Sure enough, the window table was occupied by two tall transvestites wearing fake tiger skin and hiding the night’s ravages under polka-dot scarves and huge, Grimaldi-esque dark glasses. “The girls are HERE!” Nell exclaimed approvingly as one got out a bottle of watermelon nail polish to touch up a tired manicure.

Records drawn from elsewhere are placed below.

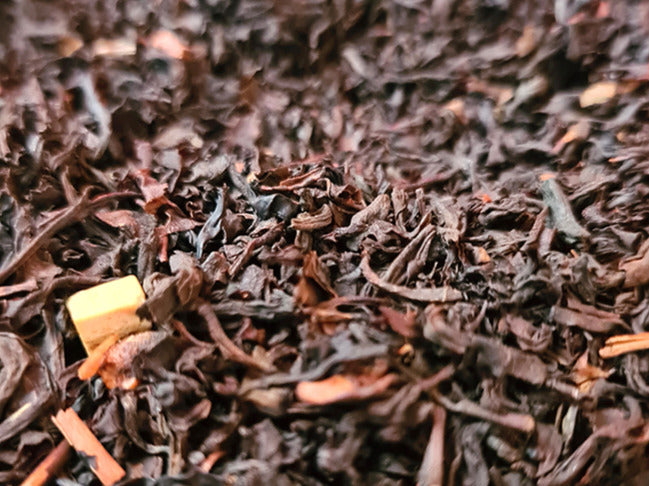 Sachet vrac de thé noir EN VISITE CHEZ GRANNY, crumble pomme, spéculos, pralines.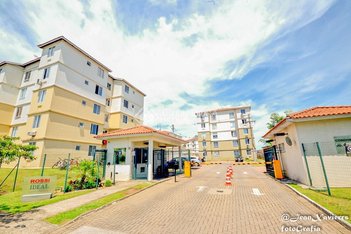 apartment em Rua Oliveira Viana, Fátima - Canoas - RS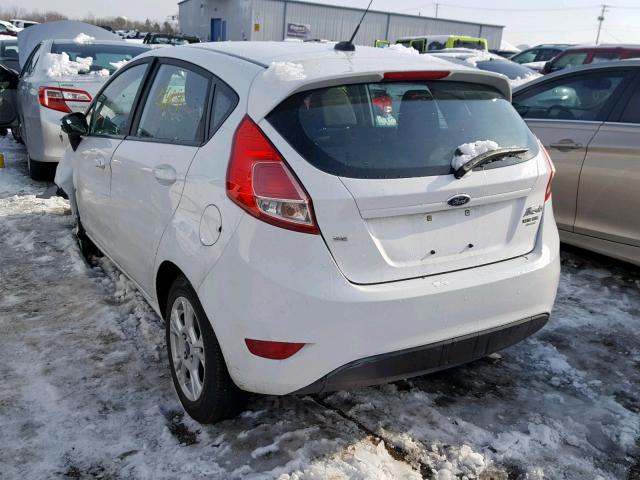 3FADP4EJ5FM187091 - 2015 FORD FIESTA SE WHITE photo 3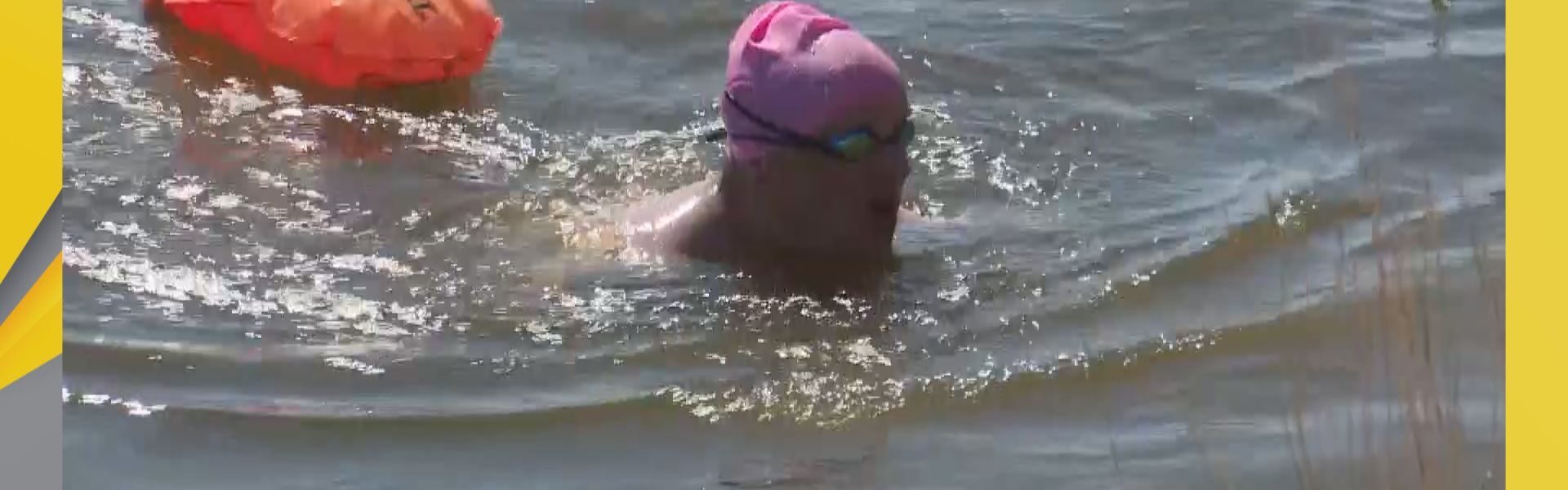 przepłynął Wisłę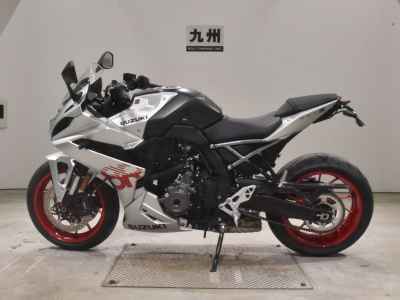 Suzuki GSX-8R 2024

As we sat down I pulled out the letter Nell had written to me back in May 1966, in which she boasted of her late-night pajama party—“We talked ALL night (sorry, a bit of exajuration (or however you spell it) there we got to sleep at 1.30 AM!).” She laughed—a throaty roar that reminded me of her sister Sally, sequestered with Darleen in the sanctum of the Big Sister’s Bedroom while I hovered by the door, eavesdropping and trying desperately to get the joke.
For the best part of
a decade Nell’s life had been like a continuous pajama party. But instead of the relatively staid hour of 1:30 A.M., she rarely got to bed before five. “I’d wake up at five the next afternoon without seeing daylight,” she said. Defying the short half-life of most New York clubs, Nell’s had remained hot for years. She said it had been a relief when the celebrity tide finally ebbed. “The drinking, smoky rooms, very high heels, up till dawn … I was never really a party person, and the club was like a party every night.”

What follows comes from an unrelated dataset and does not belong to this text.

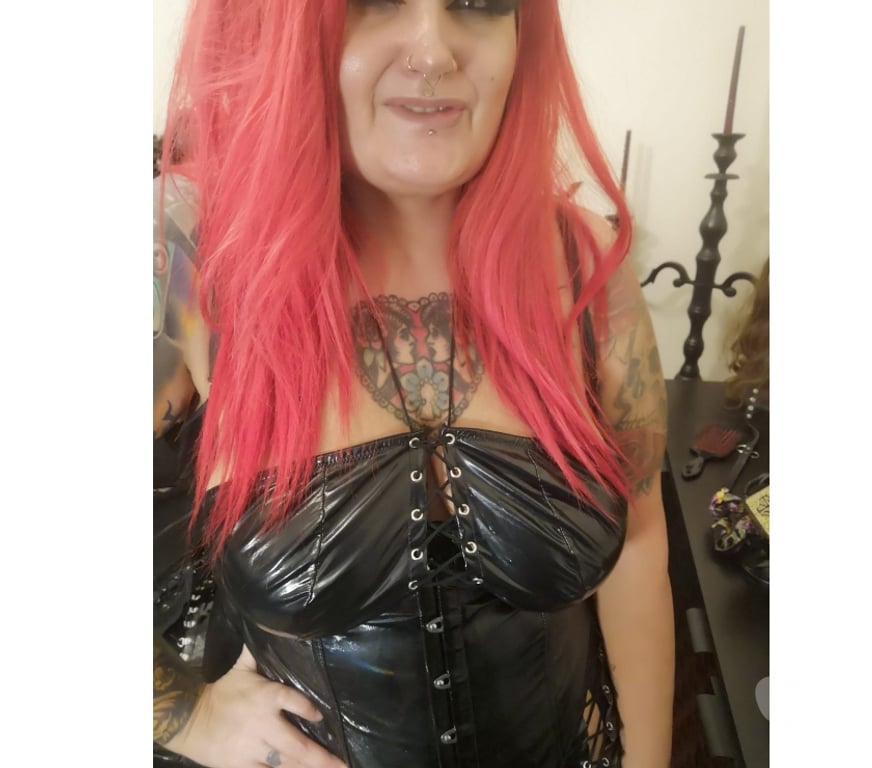 Adult Entertainment Greater Manchester Manchester - Photos for BBW REDHEAD, BIG AND BOUNCY.. Available now 💋💋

I looked at her over the froth of my cappuccino and wondered why she was saying such a thing. If this woman wasn’t a party person, who was? Perhaps she was adopting Australian camouflage, coloring herself marsupial gray. It’s one thing to be queen of the night in New York, but Australians know a tumbril is always waiting.
As the club’s pressures eased, she finally had some energy for other interests. She enrolled in art class (“I’d always be the last one there—hung over, wearing sunglasses”) and met a fresh-faced blond sculptor named Eamon Roche, who had become her partner in life and work. Together they were about to open a Vietnamese restaurant. Although the space was still a building site, Vogue’s editor Anna Wintour had visited the curing concrete and dangling wires the day before—“wearing about $20,000 worth of clothes”—looking for a hot venue for a party for a celebrity “so big she can’t say who it is.” Nell wasn’t sure the restaurant would be ready, but that was part of the allure: “Everyone in this town always wants to be first.” A Vogue function would be an ideal opening, for Wintour would bring the models, and a sprinkling of models made a room look right to the rest of fashionable Manhattan.
It wasn’t the career Nell had imagined for herself in those long-ago Sydney letters. But when the time came to launch herself as an actress, she’d found that she didn’t have the temperament to sit through drizzly London winters, patiently auditioning for small parts. Instead of capitalizing on her high profile after the release of The Rocky Horror Picture Show, she’d run off to Norfolk with a romantic poacher—“a bit of a D. H. Lawrence fantasy, I’m afraid—all my clothes were stained with blood from hiding his dead pheasants in my pockets.” When she did turn up for a rare audition, “It was, ‘Take me as I am or not at all.’ Just because my hair was Schiaparelli pink and I had a broad Australian accent didn’t mean I couldn’t play Jane Eyre.”